According to some commentators, both India and Pakistan wanted to break the talks and appear tough in defence of their political interest. Sharif wanted Pakistanis to see that he could be unyielding on the core issue of Kashmir, and Modi wanted to show his people, before the crucial November elections to the Bihar State Assembly, that he is a tough nationalist leader who will not be soft on 'Pakistan, terrorists and separatists.'

Modi needs to shore up his political image as it is tough going in Bihar, where his BJP faces a united Janata Parivar Front led by the formidable duo, Lalu Prasad Yadav and Nitish Kumar. If he loses Bihar, the way he lost Delhi, his image as a 'Political Superman' will be badly dented.

However, while the political leaders on both sides of the divide are trying to safeguard their interests, peace lovers in India and Pakistan and the world at large, are dismayed over the cancellation of the NSA level talks.

UN Secretary General Ban Ki-moon has said that the cancellation was regrettable and the US said it was unfortunate. A fair section of the Indian and Pakistani media has decried the cancellation. Some feel that India had lost an opportunity to push Pakistan to take action in the Mumbai bombings case. Pakistanis feel that they had lost an opportunity to expose India's role in fomenting separatism in Baluchistan and to discuss Kashmir.

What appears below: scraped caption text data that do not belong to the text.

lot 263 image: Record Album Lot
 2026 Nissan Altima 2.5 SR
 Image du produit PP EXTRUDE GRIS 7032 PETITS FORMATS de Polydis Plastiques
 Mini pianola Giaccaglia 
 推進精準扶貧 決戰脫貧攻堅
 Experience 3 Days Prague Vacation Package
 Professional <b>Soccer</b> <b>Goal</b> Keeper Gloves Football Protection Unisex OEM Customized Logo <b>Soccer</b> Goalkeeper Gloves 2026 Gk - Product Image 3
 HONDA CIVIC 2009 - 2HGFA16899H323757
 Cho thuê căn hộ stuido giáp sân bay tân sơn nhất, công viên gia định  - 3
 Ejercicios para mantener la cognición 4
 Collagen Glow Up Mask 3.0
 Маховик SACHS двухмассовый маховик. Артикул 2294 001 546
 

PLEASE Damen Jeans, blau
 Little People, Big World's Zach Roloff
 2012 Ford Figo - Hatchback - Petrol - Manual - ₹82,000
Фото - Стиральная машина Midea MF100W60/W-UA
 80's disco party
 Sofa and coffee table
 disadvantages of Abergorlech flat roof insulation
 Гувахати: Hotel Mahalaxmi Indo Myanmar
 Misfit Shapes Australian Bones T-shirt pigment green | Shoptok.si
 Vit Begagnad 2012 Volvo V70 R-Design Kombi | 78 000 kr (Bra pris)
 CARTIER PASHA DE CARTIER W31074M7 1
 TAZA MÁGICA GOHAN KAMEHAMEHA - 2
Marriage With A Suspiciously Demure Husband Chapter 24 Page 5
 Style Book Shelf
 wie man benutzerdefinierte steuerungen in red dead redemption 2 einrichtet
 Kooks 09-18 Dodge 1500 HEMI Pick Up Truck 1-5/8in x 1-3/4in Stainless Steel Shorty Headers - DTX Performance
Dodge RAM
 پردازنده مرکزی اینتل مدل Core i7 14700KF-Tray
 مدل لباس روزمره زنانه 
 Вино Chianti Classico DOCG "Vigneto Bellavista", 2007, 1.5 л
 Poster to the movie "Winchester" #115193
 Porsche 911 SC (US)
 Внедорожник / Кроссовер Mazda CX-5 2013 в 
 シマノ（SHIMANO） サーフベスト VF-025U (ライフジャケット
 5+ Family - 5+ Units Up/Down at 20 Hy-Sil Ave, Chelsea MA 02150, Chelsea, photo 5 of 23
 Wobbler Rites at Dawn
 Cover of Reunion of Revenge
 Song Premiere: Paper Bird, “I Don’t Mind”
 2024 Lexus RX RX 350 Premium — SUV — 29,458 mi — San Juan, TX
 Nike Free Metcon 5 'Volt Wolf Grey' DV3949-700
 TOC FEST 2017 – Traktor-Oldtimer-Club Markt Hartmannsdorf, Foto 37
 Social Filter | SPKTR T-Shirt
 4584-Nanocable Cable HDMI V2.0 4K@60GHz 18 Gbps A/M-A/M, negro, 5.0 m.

In an article in The Hindu, former Indian diplomat, Rakesh Sood, said that frequent cancellation of talks will result in India's neighbours and the world seeing New Delhi's foreign policy in bad light. The West would be encouraged to give India "gratuitous advice." Constant tension with Pakistan over Kashmir will not allow New Delhi to attend to the existential needs of the Kashmiris who also need economic development.

Sood says that both sides seem to be playing a zero sum game, in which there is only one winner who takes it all. While the zero sum game is alright in a battlefield, it is no good in diplomacy where to declare real success, both sides should feel that its interests have been safeguarded. It has to be a 'win-win' result for a diplomatic engagement to be termed successful. A 'lose-lose' result only perpetuates the conflict the two sides are trying to end.